Since then, a court ruling last year established the 2011 merger of separate elections and voter registration boards was unconstitutional, because it was done with a local law affecting just Richland County.
Neal said he would expect separate boards of elections and voter registration, and for each to have separate directors – just as it was before 2011.
Meanwhile, Rep. Jimmy Bales, D-Richland, said he had not set a meeting among the legislators tasked with recommending someone to fill an empty seat on the five-member elections board.
Bales said there’s just one vacancy – to replace Selph, who stepped in as interim director after he and the others fired director Howard Jackson just eight months into the job. They did not provide a reason for Jackson’s dismissal.
In late February, the legislative delegation staff sent out a news release seeking applicants to fill two vacancies on the board.
But Bales and Neal agreed that was a mistake. They said Dowdy, the elections board chairman, is not stepping down after all.
Rep. Nathan Ballentine said he’s not sure how many vacancies exist and what’s planned to ensure the county is in compliance with the law.
“We’ve had no delegation meeting to discuss this very important question,” Ballentine said by email Friday, “and if the board is unconstitutional, as a judge has ruled, shouldn’t we dissolve the board?
“I’ve been very disappointed in the lack of openness and lack of urgency from our delegation during this entire fiasco.”
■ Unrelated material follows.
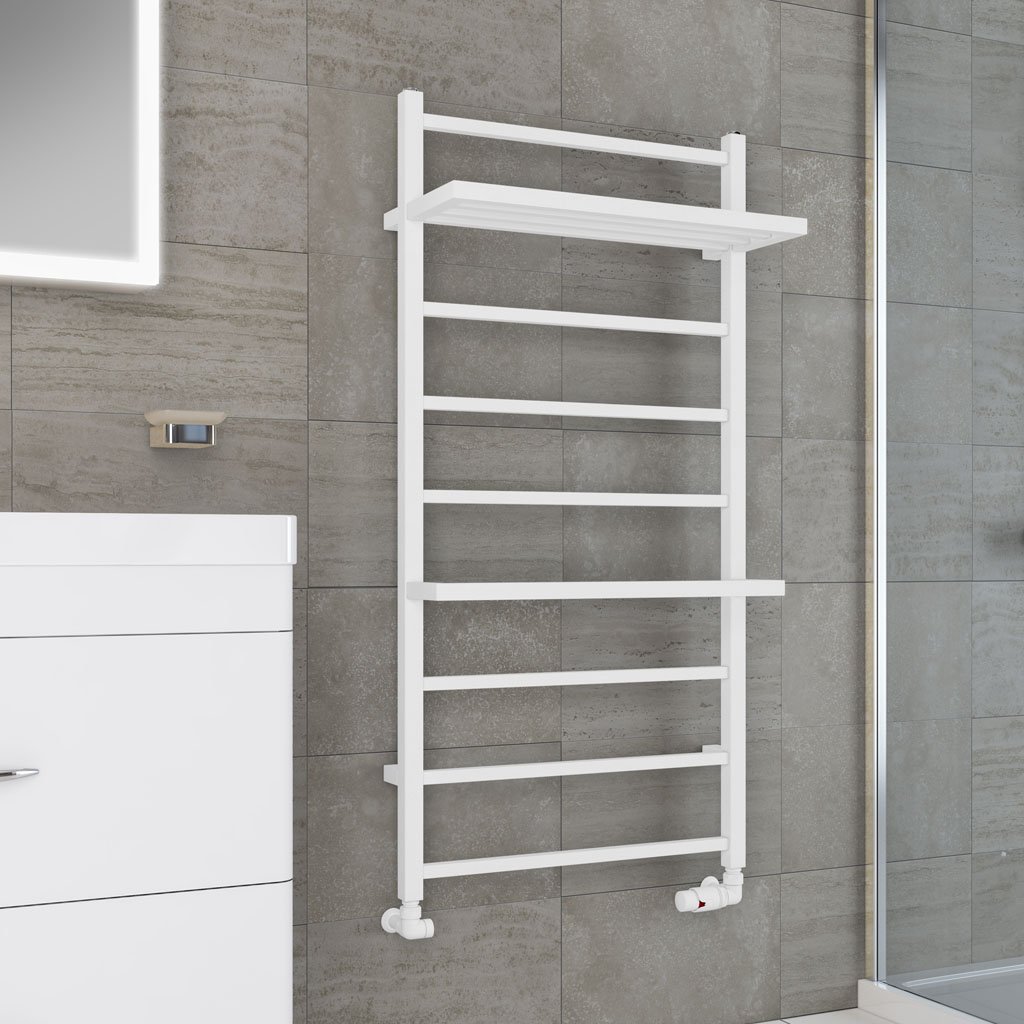 Launton Designer Towel Rail 1200x600mm Matt White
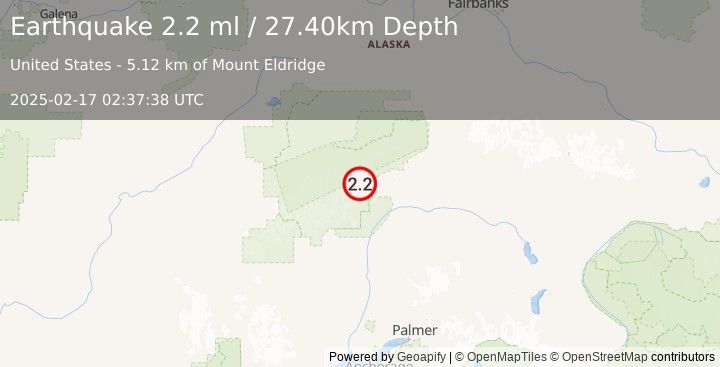 Earthquake 70 km NNE of Petersville, Alaska (2.2 ml) (2025-02-17 02:37:38 UTC)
In recent weeks, the advocacy group Common Cause and the county Republican party have recruited people to apply for the board.
“There’s a feeling of outrage, I think, and that triggers people to apply because they think they can help remedy the problem,” Common Cause director John Crangle said Friday.
“I hope this is a wake-up call for more transparency,” said Eaddy Roe Willard, chairwoman of the county GOP. “I feel like with a fresh face on the board that they will see the board’s actions through the eyes of the voters.”
Legislative delegation staff has been reluctant to say who has applied for the board, though some applicants have shared their interest.
Among the applicants is Duncan Buell, a computer scientist who is an expert in electronic voting machines and helped unravel the 2011 election mess.
Kenneth Gaines, a University of South Carolina professor of law, said he applied. So did Chris Kenney, a lawyer who represented the state Democratic party in what he called “the ballot-gate disaster” of 2012, and Pete Kennedy, a poll worker who has attended every elections board meeting in the past year.
Kenney said the lack of willingness to say who has applied for the board is an example of “the single most damaging aspect” of the elections mess – a lack of openness.
“There’s a sense of those standing on the outside, observing the process, that it’s been less than transparent,” Kenney said.